In many parallel processing applications, a process running on one processor will need results from another processes running on another processor. For example, if a logic simulation of a microprocessor system is divided into a process simulating a RALU, another simulating a control unit, a third simulating a first level cache of a memory system, and a fourth simulating upper level memory, from time to time the process simulating the RALU may need to receive data from, and send data to, the process simulating the first level cache, and, when the simulated cache scores a “miss”, the cache process will need to communicate with the process simulating the upper level memory.
It has been found that rapid, reliable, communications between processors within a parallel computing system is essential to successful execution.

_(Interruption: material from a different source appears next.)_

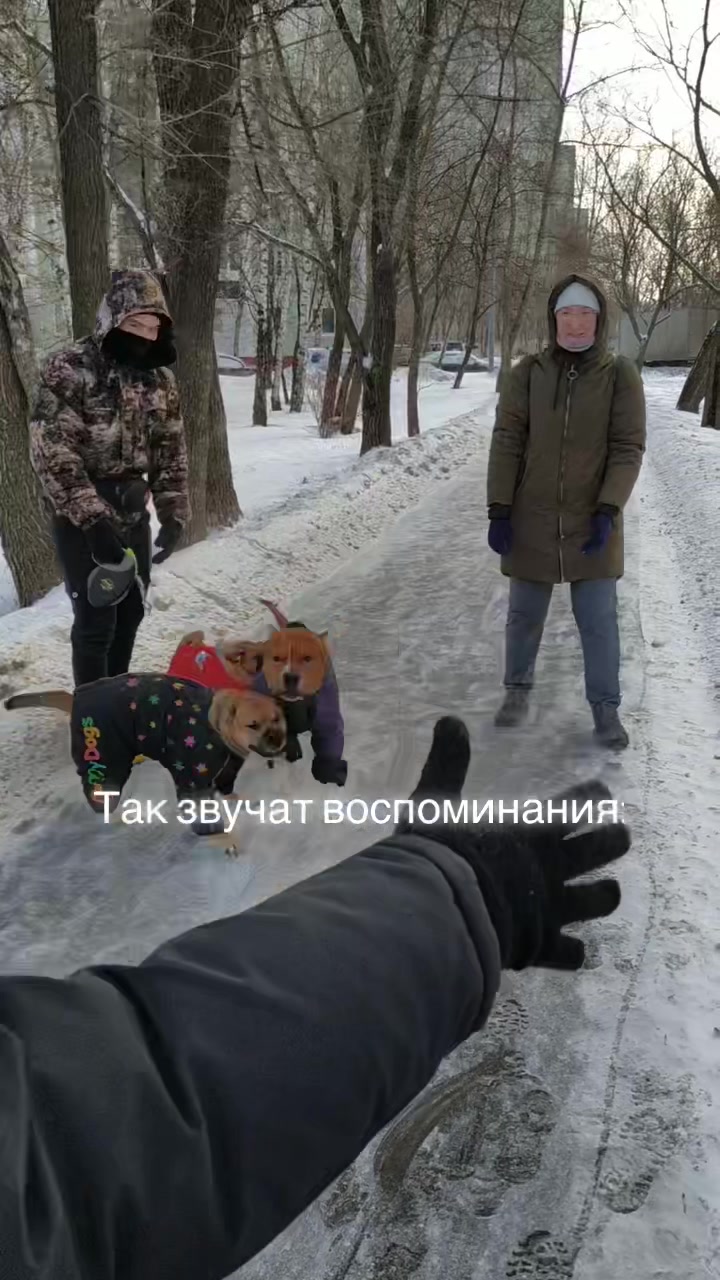 @Абу Саныч и Холли Ольговна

A massively-parallel computer system is one in which there are large numbers of processors, each of which has at least some program and data memory associated with it, typically operating in a multiple-instruction, multiple-data (MIMD), processing model.
In provisional patent application Ser. No. 13/425,136, a parallel computing system is described that is adapted to communicate with “scatter-gather” and “all to all” operations. In the scatter-gather operation, a message is sent from a first processor of the system to other processors of the system; the message either includes data being sent to those processors, or includes a request for the other processors to return specific data to the first processor.
Traditionally, the all-to-all communication exchange uses the binomial-tree multicast model. FIG. 69 illustrates an example of a binomial-tree multicast all-to-all exchange, showing the first of four tree broadcast interactions. Each processing element performs an iteration of the exchange. If “n” is the total number of processing units then it takes “nlog2n” (see: FIG. 1) communication steps to complete. As can be seen in FIG. 69, each communication step consists of a pair of processing units in communication.
It is noted that pair-wise communication is considered safe, as loop-back and other checks, including parity or other checksum checks combined with acknowledgment packets, can be performed on the data to insure that it arrived unchanged, and a retry can be initiated if corruption occurs. Unacknowledged broadcast communications are considered unsafe, since the sending processor may not recognize and correct communication errors.